O recurso deve subir, imediatamente, nos próprios autos e com efeito suspensivo.

»

A recorrente apresentou alegações, tendo formulado as seguintes conclusões:

«

1) Interposto recurso para o Tribunal da Relação do Porto, foi nas conclusões da alegação submetida à apreciação do Tribunal “ad quem” questão de inconstitucionalidade;

2) O douto acórdão da Relação que conheceu do recurso, não conheceu da questão de inconstitucionalidade suscitada, por, constando a mesma das conclusões da alegação, não vir referida no corpo da alegação;

3) Por isso, ao não conhecer da questão da inconstitucionalidade submetida à apreciação do Tribunal da Relação nas conclusões do recurso, por não ser desenvolvida no corpo da alegação, o douto acórdão, com a interpretação que assim é feita à norma e a aplica, viola, com uma tal interpretação da norma com que é aplicada, os princípios do acesso aos Tribunais e da igualdade, consagrados nos arts. 13 e 20 n.º 1, da Constituição das República Portuguesa;

4) Pelo que a norma do art. 653 n.º 3, do CPC, tendo sido interpretada e aplicada no douto acórdão recorrido com esse condicionalismo e alcance, mostra-se ela afetada de inconstitucionalidade material.

Destarte e outrossim, 5) Faltando no contexto da alegação o desenvolvimento da questão de inconstitucionalidade submetida à apreciação da Relação nas conclusões do recurso, o Mmo Relator previamente ao douto acórdão ter julgado desconsiderada a questão, e por conseguinte dela não conhecendo, devia proferir despachoconvite para o recorrente aperfeiçoar a peça processual da alegação, desenvolvendo nela a questão inserta nas conclusões;

6) Refere o douto acórdão que a norma não prevê a possibilidade de aperfeiçoamento para as alegações, mas apenas para as conclusões;

7) Assim interpretando e aplicando o douto acórdão a norma do art. 639 n.º 3, do CPC, com esse sentido e alcance, de que previamente a ser pelo Tribunal “ad quem” desconsiderada a questão, não tem o Mmo Relator que notificar o recorrente para fazer o aperfeiçoamento da peça processual da alegação, é inconstitucional por violar os princípios consagrados nos n.os 1 e 4 da Constituição da República Portuguesa, do acesso ao direito e aos Tribunais, e de um processo equitativo.

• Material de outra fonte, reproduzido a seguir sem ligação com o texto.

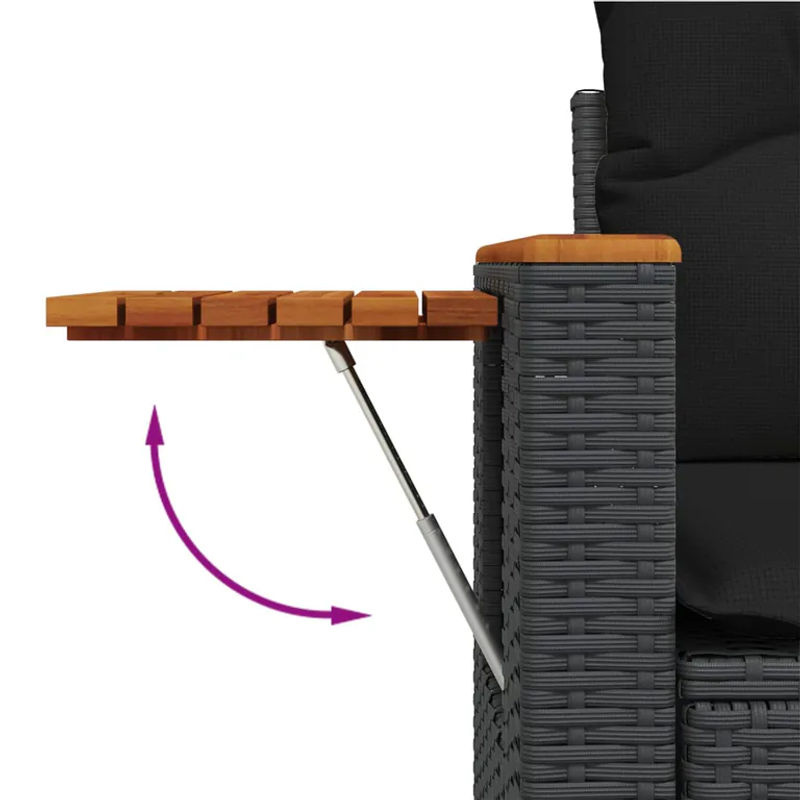 vidaXL 3-tlg Garten-Sofagarnitur aus Polyrattan in Schwarz mit Kissen und Armlehnen - Bild 5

Pelo que, com o douto suprimento de V.Excias., deve ser dado provimento ao recurso, devendo tais normas assim interpretadas com o referido sentido e alcance, com que foram aplicadas no douto acórdão recorrido, serem julgadas inconstitucionais e, em sua con-sequência, ordenado que o douto acórdão recorrido seja reformado em conformidade ao julgamento de constitucionalidade, assim sendo feita JUSTIÇA

»

.

O Ministério Público contraalegou, tendo concluído da seguinte forma:

«

1 - Nos termos do artigo 72.º, n.º 1, alínea b) e n.º 2, da Lei de Organização, Funcionamento e Processo do Tribunal Constitucional, tem legitimidade para recorrer para o Tribunal Constitucional, ao abrigo da alínea b) do n.º 1 do artigo 70.º, quem suscitar a questão de inconstitucional de modo processualmente adequado perante o tribunal que proferiu a decisão recorrida, em termos de ele estar obrigado a dela conhecer.

2 - Assim, esse tribunal só está vinculado à apreciação da questão se forem respeitadas as regras processuais e procedimentais que regem o processo no âmbito do qual foi interposto recurso para o Tribunal Constitucional.

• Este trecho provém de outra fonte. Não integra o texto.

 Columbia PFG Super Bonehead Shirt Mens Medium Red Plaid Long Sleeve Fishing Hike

3 - Desta forma, para que o tribunal conheça de uma questão de constitucionalidade levantada em alegações de recurso, terá de ser respeitado o regime e as exigências constantes do artigo 639.º do Código de Processo Civil.

4 - Consequentemente, “a norma do artigo 635.º, n.º.3, do Código de Processo Civil, na interpretação segundo a qual, tendo a questão de inconstitucionalidade sido submetida à consideração do Tribunal da Relação, pelas conclusões da alegação do recurso, mas não tendo sido explanada no corpo da alegação, deve uma tal questão ser desconsiderada pelo Tribunal da Relação”, não é inconstitucional uma vez que não viola o direito de acesso aos tribunais (artigo 20.º, n.º 1, da Constituição).

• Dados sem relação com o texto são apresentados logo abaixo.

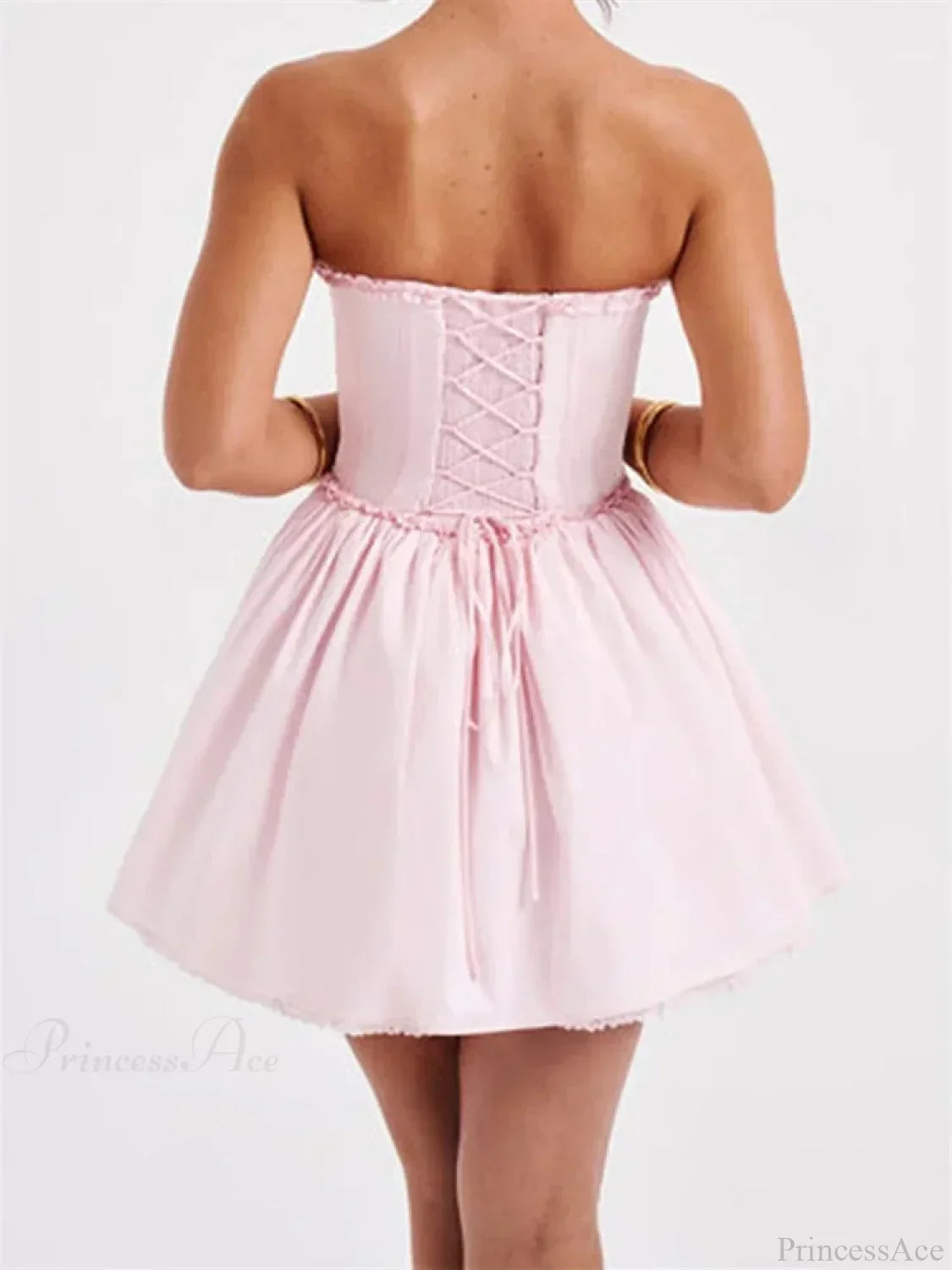 Strapless Lace Trim Corset Basque Waist Tie Front Babydoll Mini Dress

5 - O artigo 639.º, n.º 3, do Código de Processo Civil apenas prevê a possibilidade de aperfeiçoamento das conclusões das alegações e não do texto das alegações, não se retirando da Constituição, designadamente do direito de acesso aos tribunais, a existência, no âmbito do processo civil, de um genérico direito ao aperfeiçoamento.

6 - Assim, “a norma do artigo 639.º, n.º 3, do Código de Processo Civil, interpretada no sentido de que, não tendo a questão que é submetida nas conclusões do recurso à apreciação do Tribunal da Relação, sido versada no corpo da alegação do recurso, não tem o Tribunal da Relação, que notificar o recorrente para que proceda ao aperfeiçoamento da alegação por forma a que, no corpo da alegação, seja desenvolvida a questão constante da conclusão da alegação mas ali omitida”, não viola, nem artigo 20.º, nem o artigo 13.º, ambos da Constituição, não sendo, por isso, inconstitucional.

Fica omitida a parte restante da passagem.